Hovarda || Katharine Ashe [Yorum]

14 Eyl 2013


İki farklı hayat yaşayan bir adam ve yaşamının iplerini eline almaya çalışan bir kadın…

Orijinal Adı: Captured by A Rouge
Bağlı Olduğu Seri: Rouges of The Sea #2
Yazar: Katharine Ashe
Yayınevi: Epsilon Yayınları
Kitap Dili: Türkçe
Puanım: 3,5/5

Serena Carlyle sonsuza kadar mutlu olmanın hayalini kurmaktadır. Yirmi beş yaşındaki bu güzel kadın, geçmişte yaşadığı karanlık bir olay yüzünden, geleceğe karamsarlıkla bakarken en azından küçük kız kardeşi için uygun bir eş bulmaya kararlıdır. Böyle bir eş için yakışıklı ve zengin bir adam olan Savege Kontu münasip görülür.

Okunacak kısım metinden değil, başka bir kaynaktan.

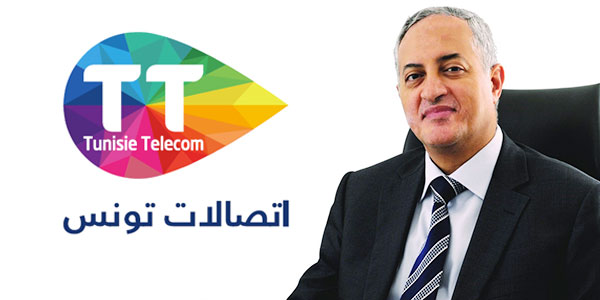 Mohamed Fadhel Kraiem nouveau PDG de Tunisie Telecom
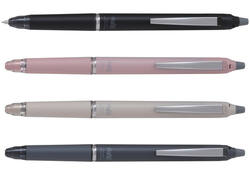 Rollerpen PILOT friXion Ball Zone medium assorti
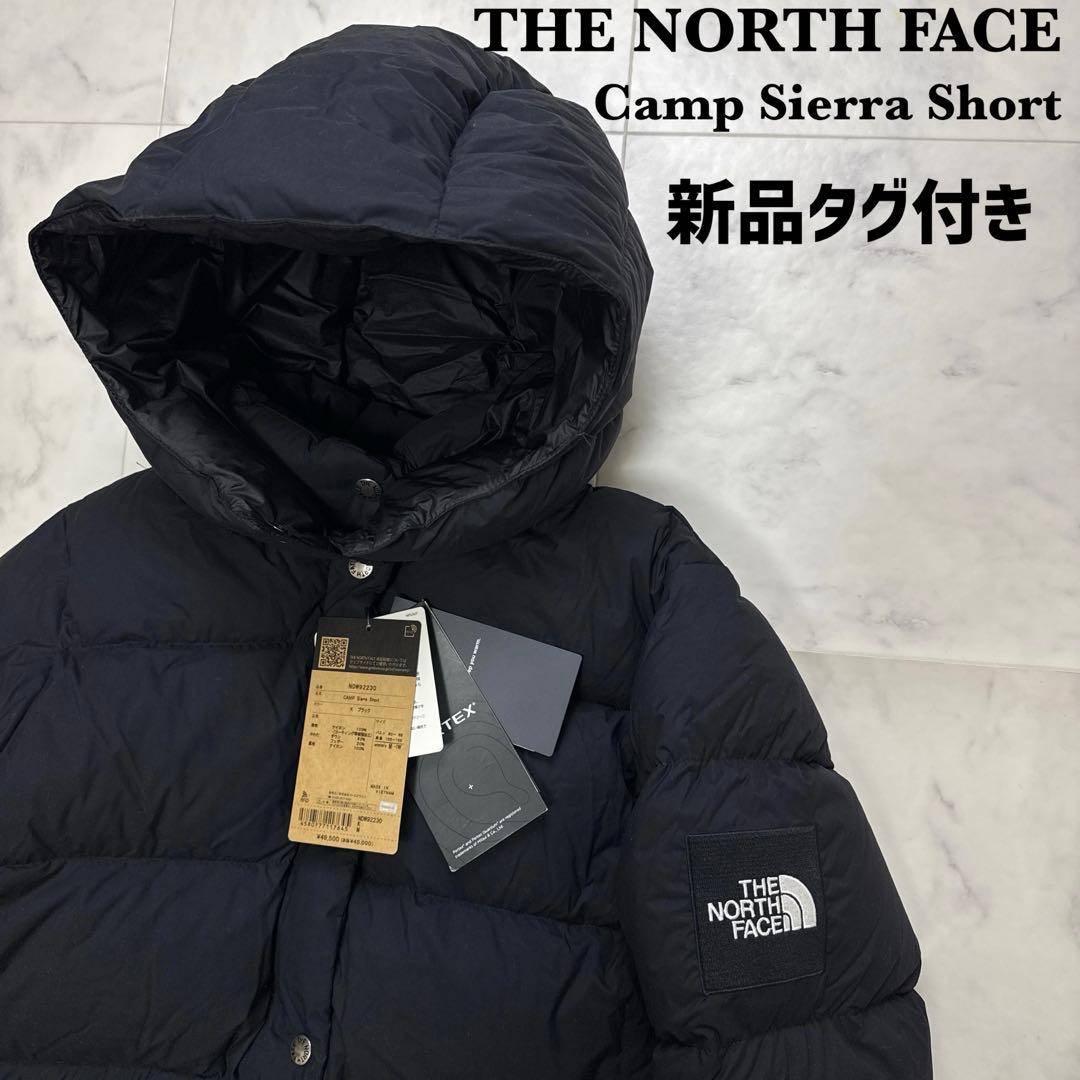 【新品】 THE NORTH FACE キャンプシエラショート ダウンジャケット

Savege Kontu, Alex Savege’in ise gizli bir kimliği vardır. Kendisi saygı gören bir asilzadeyken, aynı zamanda açık denizde zenginlere kök söktüren, bölge fakirlerinin koruyucusu olmuş vatansever Korsan Kızıltaş’tır.
Korsanlık günlerini bir kenara bırakmak isteyen Savege, önüne gelen evlilik teklifine sıcak bakar. Ancak müstakbel eşiyle tanışacağı baloda, Serena’yla aynı odada yalnız kalacak ve ikisinin de hayatı tamamen değişecektir.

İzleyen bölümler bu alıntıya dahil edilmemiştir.